Segment Start: Task input

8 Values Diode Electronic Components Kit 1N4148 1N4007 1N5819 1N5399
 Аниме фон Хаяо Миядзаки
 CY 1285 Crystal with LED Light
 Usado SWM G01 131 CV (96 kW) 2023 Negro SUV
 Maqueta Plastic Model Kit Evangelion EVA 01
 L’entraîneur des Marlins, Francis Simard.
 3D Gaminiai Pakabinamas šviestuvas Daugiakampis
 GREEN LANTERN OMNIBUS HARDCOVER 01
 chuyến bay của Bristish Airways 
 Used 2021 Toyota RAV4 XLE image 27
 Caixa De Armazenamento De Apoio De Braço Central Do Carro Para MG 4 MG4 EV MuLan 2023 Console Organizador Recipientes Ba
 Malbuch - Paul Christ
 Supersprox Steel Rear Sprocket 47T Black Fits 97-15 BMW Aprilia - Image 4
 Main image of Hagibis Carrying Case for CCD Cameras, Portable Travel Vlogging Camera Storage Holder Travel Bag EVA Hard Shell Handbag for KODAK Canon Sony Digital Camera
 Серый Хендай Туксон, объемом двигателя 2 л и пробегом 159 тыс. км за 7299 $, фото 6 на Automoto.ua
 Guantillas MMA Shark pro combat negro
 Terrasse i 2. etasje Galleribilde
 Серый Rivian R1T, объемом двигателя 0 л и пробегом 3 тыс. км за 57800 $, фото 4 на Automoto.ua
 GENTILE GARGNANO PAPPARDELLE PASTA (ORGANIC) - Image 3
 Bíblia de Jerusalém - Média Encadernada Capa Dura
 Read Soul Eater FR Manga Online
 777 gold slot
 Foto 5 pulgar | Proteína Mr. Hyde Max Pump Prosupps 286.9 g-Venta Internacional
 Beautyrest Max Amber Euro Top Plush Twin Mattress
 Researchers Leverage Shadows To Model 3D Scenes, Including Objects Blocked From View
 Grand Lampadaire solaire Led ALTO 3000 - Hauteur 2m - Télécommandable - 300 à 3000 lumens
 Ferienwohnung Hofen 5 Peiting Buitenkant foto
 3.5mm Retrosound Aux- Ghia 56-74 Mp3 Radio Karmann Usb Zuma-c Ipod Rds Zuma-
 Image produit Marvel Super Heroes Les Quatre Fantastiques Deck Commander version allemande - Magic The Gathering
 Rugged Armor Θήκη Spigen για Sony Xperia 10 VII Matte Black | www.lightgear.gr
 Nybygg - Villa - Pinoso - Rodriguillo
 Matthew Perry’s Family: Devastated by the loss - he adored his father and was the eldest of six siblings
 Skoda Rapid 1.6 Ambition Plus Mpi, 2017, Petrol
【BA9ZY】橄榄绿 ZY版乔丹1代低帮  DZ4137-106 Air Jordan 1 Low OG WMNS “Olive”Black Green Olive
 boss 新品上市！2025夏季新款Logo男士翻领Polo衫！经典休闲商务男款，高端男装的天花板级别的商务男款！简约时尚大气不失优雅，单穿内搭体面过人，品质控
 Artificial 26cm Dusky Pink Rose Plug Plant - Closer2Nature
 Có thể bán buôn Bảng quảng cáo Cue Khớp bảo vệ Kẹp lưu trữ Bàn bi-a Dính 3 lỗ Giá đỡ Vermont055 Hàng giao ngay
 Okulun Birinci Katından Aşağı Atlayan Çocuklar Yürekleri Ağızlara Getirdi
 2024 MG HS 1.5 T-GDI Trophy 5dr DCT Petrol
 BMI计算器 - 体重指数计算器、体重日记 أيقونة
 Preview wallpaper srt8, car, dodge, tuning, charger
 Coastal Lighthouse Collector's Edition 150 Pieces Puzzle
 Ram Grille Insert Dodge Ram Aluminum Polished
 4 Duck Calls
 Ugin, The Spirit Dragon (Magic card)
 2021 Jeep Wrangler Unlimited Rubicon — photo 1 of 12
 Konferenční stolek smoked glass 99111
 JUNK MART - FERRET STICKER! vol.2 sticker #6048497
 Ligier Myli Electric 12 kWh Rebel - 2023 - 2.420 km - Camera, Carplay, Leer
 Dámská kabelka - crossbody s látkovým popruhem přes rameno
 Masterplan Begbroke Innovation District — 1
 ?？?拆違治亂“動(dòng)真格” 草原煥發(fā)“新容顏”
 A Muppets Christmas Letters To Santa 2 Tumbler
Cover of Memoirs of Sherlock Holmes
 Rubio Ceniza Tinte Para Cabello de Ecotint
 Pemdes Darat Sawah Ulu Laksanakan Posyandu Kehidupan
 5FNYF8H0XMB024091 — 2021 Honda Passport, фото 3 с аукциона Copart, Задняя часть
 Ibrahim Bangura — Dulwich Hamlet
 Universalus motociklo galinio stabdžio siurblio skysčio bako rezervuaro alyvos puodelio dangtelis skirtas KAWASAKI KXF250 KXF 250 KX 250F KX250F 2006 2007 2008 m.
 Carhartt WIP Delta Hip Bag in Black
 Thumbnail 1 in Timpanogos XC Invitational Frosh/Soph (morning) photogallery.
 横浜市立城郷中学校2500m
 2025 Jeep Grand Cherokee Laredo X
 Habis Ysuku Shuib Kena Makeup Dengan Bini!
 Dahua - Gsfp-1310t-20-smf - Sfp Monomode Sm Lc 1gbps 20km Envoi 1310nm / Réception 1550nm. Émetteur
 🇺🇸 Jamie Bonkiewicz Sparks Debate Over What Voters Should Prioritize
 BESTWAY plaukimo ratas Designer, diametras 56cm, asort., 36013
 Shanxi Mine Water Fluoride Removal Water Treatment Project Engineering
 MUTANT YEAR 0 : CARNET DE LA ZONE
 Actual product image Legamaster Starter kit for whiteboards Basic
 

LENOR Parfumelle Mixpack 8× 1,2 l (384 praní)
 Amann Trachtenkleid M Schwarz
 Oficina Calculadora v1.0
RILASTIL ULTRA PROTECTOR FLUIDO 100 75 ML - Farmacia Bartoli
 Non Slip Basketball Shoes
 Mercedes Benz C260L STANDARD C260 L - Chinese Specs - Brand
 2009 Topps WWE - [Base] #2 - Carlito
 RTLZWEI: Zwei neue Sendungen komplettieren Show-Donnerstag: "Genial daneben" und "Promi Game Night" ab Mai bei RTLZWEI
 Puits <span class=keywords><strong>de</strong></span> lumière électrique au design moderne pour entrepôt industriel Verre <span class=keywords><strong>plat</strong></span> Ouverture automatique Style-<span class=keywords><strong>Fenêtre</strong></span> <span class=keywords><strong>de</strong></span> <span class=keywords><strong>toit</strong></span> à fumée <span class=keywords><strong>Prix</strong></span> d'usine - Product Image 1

Segment End: Task input

**Exercise description:**
Above are some lines. Repeat exactly, and only, those from the line that has "Rugged Armor Θήκη" through the line that has "Ram Grille Insert".

**Output for this exercise:**
 Rugged Armor Θήκη Spigen για Sony Xperia 10 VII Matte Black | www.lightgear.gr
 Nybygg - Villa - Pinoso - Rodriguillo
 Matthew Perry’s Family: Devastated by the loss - he adored his father and was the eldest of six siblings
 Skoda Rapid 1.6 Ambition Plus Mpi, 2017, Petrol
【BA9ZY】橄榄绿 ZY版乔丹1代低帮  DZ4137-106 Air Jordan 1 Low OG WMNS “Olive”Black Green Olive
 boss 新品上市！2025夏季新款Logo男士翻领Polo衫！经典休闲商务男款，高端男装的天花板级别的商务男款！简约时尚大气不失优雅，单穿内搭体面过人，品质控
 Artificial 26cm Dusky Pink Rose Plug Plant - Closer2Nature
 Có thể bán buôn Bảng quảng cáo Cue Khớp bảo vệ Kẹp lưu trữ Bàn bi-a Dính 3 lỗ Giá đỡ Vermont055 Hàng giao ngay
 Okulun Birinci Katından Aşağı Atlayan Çocuklar Yürekleri Ağızlara Getirdi
 2024 MG HS 1.5 T-GDI Trophy 5dr DCT Petrol
 BMI计算器 - 体重指数计算器、体重日记 أيقونة
 Preview wallpaper srt8, car, dodge, tuning, charger
 Coastal Lighthouse Collector's Edition 150 Pieces Puzzle
 Ram Grille Insert Dodge Ram Aluminum Polished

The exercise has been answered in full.